TransformLLM: Adapting Large Language Models via LLM-Transformed Reading Comprehension Text
- URL: http://arxiv.org/abs/2410.21479v1
- Date: Mon, 28 Oct 2024 19:32:18 GMT
- Title: TransformLLM: Adapting Large Language Models via LLM-Transformed Reading Comprehension Text
- Authors: Iftach Arbel, Yehonathan Refael, Ofir Lindenbaum,
- Abstract summary: We have developed language models specifically designed for legal applications.
Our innovative approach significantly improves capabilities in legal tasks by using Large Language Models (LLMs) to convert raw training data into reading comprehension text.

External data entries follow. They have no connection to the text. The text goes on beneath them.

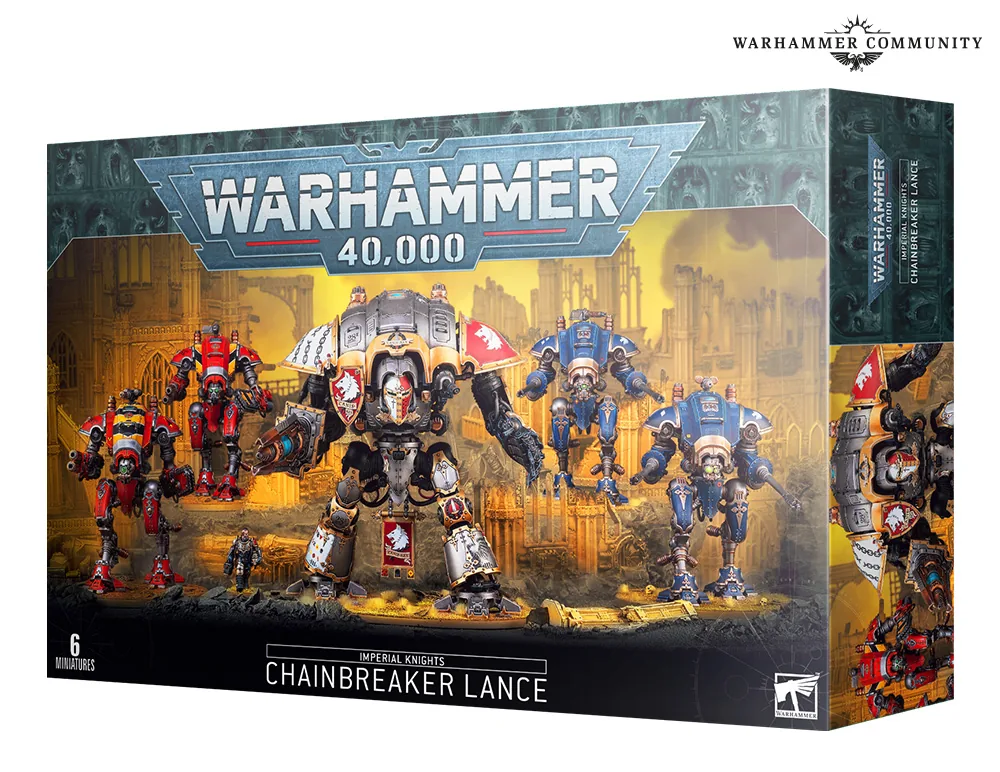 DimancheAperçu 27 novembre 40k 02 KnightsBattleforce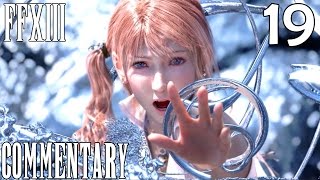 Final Fantasy XIII PC Walkthrough Part 19  Snow amp Serahs Separation [upl. by Ardnad579]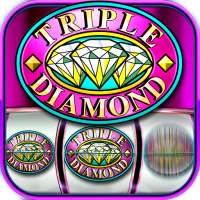 Slot Machine: Triple Diamond
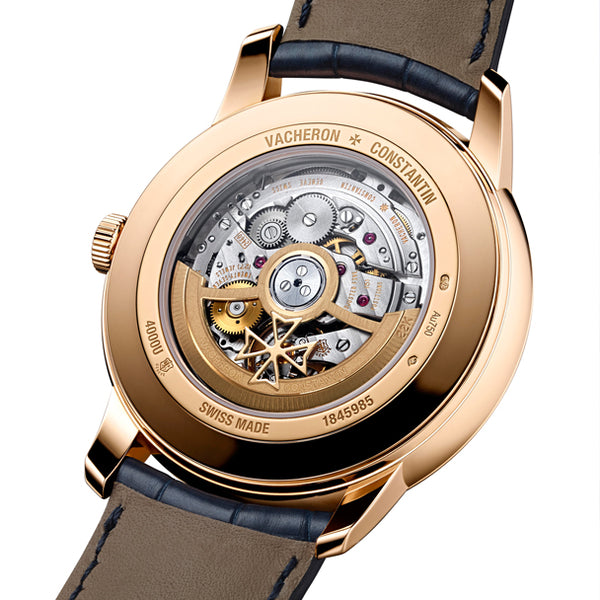 VACHERON CONSTANTIN PATRIMONY RETROGRADE DAY-DATE (Image 2)
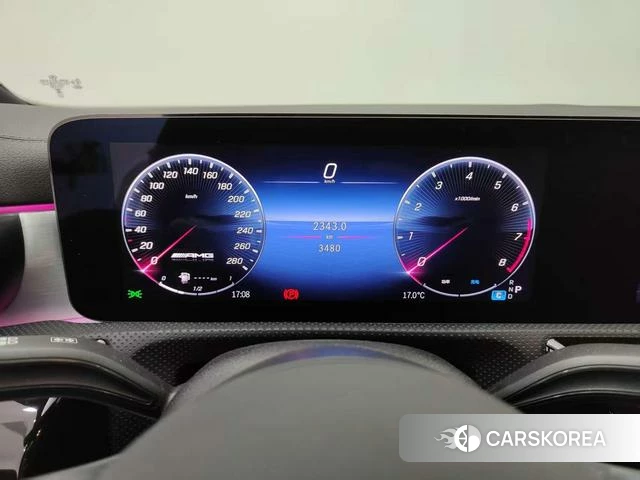 Mercedes-Benz Class A AMG id 4329215 из Китая 21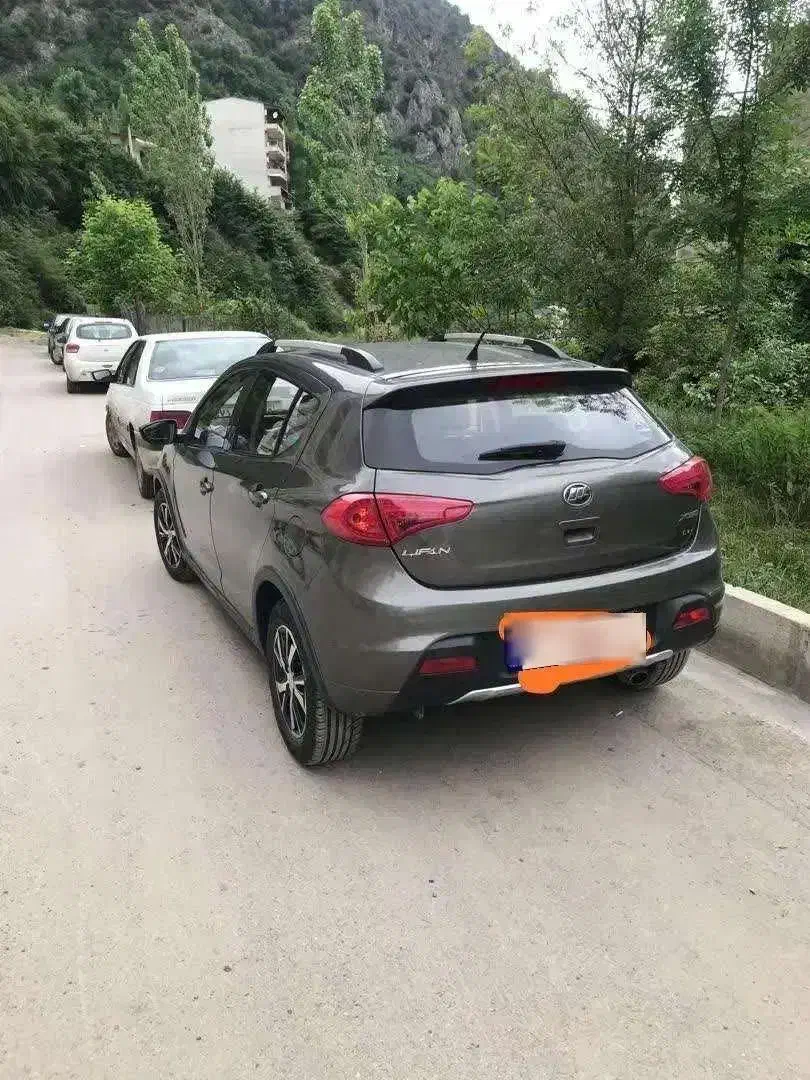 لیفان x50 اتومات|خودرو سواری و وانت|گرگان, |دیوار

- Score: 5.523385345486362
- License:
- Abstract: Large Language Models (LLMs) have shown promise in highly-specialized domains, however challenges are still present in aspects of accuracy and costs. These limitations restrict the usage of existing models in domain-specific tasks. While fine-tuning pre-trained models have shown promising results, this process can be computationally expensive and require massive datasets of the specialized application in hand. In this work, we bridge that gap. We have developed Phi-2-Legal and Mistral-Legal-7B, which are language models specifically designed for legal applications. These models are based on Phi-2 and Mistral-7B-v0.1, and have gone through continued pre-training with over 500 million tokens of legal texts. Our innovative approach significantly improves capabilities in legal tasks by using Large Language Models (LLMs) to convert raw training data into reading comprehension text. Our legal LLMs have demonstrated superior performance in legal benchmarks, even outperforming models trained on much larger datasets with more resources. This work emphasizes the effectiveness of continued pre-training on domain-specific texts, while using affordable LLMs for data conversion, which gives these models domain expertise while retaining general language understanding capabilities. While this work uses the legal domain as a test case, our method can be scaled and applied to any pre-training dataset, resulting in significant improvements across different tasks. These findings underscore the potential of domain-adaptive pre-training and reading comprehension for the development of highly effective domain-specific language models.